## [SUPPLIED MATERIAL]
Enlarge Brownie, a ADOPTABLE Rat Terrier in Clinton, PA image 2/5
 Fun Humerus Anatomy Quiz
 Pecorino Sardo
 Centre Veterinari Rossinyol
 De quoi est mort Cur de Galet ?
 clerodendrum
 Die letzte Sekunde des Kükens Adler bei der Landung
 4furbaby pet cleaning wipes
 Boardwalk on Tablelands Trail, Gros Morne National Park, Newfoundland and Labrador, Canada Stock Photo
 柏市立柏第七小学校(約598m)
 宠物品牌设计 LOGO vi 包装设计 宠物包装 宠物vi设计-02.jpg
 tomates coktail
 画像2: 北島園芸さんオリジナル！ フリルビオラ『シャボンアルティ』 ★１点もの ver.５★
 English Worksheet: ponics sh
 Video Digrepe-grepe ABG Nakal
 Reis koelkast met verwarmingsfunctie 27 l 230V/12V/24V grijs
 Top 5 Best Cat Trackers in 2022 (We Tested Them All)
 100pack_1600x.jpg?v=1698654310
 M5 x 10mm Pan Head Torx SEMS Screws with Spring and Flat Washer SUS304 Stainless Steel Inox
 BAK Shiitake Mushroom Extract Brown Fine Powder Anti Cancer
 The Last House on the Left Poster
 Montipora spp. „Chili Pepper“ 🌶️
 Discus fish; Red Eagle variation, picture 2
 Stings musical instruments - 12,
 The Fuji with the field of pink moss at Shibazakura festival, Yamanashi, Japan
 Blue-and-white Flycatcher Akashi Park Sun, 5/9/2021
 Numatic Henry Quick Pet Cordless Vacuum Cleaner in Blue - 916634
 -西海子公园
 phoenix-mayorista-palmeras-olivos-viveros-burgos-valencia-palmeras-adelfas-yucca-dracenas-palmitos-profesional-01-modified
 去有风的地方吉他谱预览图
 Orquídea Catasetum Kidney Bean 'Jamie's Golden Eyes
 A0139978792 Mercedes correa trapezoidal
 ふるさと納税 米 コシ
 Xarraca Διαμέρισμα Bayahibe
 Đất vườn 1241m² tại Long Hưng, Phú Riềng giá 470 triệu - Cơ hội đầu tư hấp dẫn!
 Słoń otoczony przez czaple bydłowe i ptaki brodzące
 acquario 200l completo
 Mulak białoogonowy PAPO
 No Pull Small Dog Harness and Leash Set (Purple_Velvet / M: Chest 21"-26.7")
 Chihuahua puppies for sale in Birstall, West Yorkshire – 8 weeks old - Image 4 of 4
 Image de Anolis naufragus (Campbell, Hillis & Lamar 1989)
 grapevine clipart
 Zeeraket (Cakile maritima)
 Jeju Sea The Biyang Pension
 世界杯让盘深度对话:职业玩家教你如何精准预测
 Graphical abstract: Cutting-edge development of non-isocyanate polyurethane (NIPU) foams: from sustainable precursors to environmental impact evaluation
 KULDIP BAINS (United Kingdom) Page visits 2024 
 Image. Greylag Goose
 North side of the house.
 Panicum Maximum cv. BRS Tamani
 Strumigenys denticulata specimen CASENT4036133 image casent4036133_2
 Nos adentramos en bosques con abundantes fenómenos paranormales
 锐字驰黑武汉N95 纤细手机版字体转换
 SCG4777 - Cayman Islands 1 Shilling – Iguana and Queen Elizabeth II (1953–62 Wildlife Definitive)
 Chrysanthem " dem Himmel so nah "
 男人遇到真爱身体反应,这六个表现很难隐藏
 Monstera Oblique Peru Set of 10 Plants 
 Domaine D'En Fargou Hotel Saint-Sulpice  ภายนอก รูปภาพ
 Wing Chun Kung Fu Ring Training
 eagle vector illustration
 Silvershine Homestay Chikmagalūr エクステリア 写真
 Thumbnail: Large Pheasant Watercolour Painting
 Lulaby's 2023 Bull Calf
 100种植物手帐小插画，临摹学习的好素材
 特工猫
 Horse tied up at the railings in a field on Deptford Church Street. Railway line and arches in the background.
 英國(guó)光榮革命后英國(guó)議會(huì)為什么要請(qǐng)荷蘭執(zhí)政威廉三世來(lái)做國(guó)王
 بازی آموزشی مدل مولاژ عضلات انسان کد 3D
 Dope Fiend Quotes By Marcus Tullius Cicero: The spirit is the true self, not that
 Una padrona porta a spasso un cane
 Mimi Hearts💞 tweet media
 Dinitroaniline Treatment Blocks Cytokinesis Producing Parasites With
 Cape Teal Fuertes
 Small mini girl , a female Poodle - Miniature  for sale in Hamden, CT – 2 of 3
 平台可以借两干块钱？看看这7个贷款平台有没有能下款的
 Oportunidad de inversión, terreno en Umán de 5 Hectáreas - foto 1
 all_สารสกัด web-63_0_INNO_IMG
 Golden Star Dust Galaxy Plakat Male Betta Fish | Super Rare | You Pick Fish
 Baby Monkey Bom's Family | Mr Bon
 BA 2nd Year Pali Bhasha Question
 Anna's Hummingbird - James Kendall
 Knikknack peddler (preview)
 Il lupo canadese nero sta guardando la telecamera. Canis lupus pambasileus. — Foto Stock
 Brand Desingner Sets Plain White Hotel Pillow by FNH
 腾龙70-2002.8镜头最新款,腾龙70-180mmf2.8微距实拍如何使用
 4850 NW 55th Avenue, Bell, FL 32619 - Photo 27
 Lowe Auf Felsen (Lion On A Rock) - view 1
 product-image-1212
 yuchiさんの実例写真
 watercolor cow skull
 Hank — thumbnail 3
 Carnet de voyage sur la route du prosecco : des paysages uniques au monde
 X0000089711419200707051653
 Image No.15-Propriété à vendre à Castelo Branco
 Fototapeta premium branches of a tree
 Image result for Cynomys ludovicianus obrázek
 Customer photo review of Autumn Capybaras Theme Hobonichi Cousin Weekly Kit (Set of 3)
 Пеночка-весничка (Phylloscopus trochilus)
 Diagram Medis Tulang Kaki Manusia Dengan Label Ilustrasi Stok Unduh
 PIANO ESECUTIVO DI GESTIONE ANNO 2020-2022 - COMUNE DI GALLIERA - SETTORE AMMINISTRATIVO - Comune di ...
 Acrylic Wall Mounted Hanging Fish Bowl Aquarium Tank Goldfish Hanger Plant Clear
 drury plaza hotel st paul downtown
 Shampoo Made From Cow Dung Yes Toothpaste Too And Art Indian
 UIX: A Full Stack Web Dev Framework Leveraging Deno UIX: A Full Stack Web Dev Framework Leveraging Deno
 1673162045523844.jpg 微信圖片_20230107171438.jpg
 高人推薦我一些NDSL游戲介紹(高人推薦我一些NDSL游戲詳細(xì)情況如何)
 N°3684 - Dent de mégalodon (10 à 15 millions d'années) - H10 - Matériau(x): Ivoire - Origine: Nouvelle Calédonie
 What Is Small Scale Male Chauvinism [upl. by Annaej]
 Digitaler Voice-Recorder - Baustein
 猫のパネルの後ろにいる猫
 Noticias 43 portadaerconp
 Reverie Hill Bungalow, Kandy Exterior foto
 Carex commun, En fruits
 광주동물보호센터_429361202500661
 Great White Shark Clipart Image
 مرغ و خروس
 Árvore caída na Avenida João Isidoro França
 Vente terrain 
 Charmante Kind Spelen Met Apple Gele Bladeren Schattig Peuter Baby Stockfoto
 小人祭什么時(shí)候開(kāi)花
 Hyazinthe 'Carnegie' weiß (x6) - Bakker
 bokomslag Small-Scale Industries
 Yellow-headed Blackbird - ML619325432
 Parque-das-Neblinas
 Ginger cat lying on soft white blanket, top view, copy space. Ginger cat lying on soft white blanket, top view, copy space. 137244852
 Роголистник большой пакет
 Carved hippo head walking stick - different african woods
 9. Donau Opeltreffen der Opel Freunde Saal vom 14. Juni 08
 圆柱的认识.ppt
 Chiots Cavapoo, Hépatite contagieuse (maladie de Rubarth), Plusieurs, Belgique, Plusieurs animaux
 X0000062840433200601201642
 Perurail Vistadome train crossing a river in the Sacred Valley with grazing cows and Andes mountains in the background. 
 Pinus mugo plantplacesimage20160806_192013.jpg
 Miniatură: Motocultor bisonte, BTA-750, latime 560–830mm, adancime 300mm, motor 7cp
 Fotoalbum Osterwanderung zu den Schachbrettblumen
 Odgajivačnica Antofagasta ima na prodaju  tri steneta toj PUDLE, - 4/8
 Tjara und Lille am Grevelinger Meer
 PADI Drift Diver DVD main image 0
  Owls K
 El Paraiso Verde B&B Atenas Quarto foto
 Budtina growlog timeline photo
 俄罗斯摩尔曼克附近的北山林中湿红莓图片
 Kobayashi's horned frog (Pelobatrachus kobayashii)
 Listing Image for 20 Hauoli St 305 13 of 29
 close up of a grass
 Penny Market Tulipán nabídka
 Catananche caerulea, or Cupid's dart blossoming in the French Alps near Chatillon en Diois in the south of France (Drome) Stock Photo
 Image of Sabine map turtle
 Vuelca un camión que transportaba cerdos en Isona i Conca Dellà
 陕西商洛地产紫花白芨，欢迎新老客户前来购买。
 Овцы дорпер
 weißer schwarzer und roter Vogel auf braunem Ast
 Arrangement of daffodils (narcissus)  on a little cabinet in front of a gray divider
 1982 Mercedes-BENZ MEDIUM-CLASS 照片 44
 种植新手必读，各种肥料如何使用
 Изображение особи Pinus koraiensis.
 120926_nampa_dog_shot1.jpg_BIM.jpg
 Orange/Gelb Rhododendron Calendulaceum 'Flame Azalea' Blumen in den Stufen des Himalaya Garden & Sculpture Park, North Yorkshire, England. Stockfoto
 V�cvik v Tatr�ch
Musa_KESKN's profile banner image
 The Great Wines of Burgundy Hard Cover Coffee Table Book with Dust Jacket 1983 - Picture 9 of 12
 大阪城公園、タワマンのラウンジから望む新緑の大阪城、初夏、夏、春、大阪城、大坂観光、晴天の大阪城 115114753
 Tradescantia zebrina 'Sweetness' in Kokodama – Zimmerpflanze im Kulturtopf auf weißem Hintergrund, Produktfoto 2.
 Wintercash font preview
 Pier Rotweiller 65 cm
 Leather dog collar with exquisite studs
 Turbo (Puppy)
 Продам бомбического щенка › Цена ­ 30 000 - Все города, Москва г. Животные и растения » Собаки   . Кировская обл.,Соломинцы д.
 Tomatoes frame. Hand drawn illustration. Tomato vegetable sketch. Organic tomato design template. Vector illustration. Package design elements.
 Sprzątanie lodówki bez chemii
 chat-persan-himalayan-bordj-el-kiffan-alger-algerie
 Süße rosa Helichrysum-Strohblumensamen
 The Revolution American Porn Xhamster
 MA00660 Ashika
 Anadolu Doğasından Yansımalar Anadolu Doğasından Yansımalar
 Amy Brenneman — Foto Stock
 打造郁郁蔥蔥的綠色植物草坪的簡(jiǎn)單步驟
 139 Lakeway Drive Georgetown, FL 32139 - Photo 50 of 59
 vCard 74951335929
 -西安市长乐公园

## [WHAT YOU ARE ASKED TO DO]
In the listing above, locate the line containing "Lowe Auf Felsen (Lion On A Rock) - view 1" and the line containing "Reverie Hill Bungalow, Kandy Exterior foto". Extract those two lines and every line between them, exactly as written, and only those.

## [TASK RESPONSE]
 Lowe Auf Felsen (Lion On A Rock) - view 1
 product-image-1212
 yuchiさんの実例写真
 watercolor cow skull
 Hank — thumbnail 3
 Carnet de voyage sur la route du prosecco : des paysages uniques au monde
 X0000089711419200707051653
 Image No.15-Propriété à vendre à Castelo Branco
 Fototapeta premium branches of a tree
 Image result for Cynomys ludovicianus obrázek
 Customer photo review of Autumn Capybaras Theme Hobonichi Cousin Weekly Kit (Set of 3)
 Пеночка-весничка (Phylloscopus trochilus)
 Diagram Medis Tulang Kaki Manusia Dengan Label Ilustrasi Stok Unduh
 PIANO ESECUTIVO DI GESTIONE ANNO 2020-2022 - COMUNE DI GALLIERA - SETTORE AMMINISTRATIVO - Comune di ...
 Acrylic Wall Mounted Hanging Fish Bowl Aquarium Tank Goldfish Hanger Plant Clear
 drury plaza hotel st paul downtown
 Shampoo Made From Cow Dung Yes Toothpaste Too And Art Indian
 UIX: A Full Stack Web Dev Framework Leveraging Deno UIX: A Full Stack Web Dev Framework Leveraging Deno
 1673162045523844.jpg 微信圖片_20230107171438.jpg
 高人推薦我一些NDSL游戲介紹(高人推薦我一些NDSL游戲詳細(xì)情況如何)
 N°3684 - Dent de mégalodon (10 à 15 millions d'années) - H10 - Matériau(x): Ivoire - Origine: Nouvelle Calédonie
 What Is Small Scale Male Chauvinism [upl. by Annaej]
 Digitaler Voice-Recorder - Baustein
 猫のパネルの後ろにいる猫
 Noticias 43 portadaerconp
 Reverie Hill Bungalow, Kandy Exterior foto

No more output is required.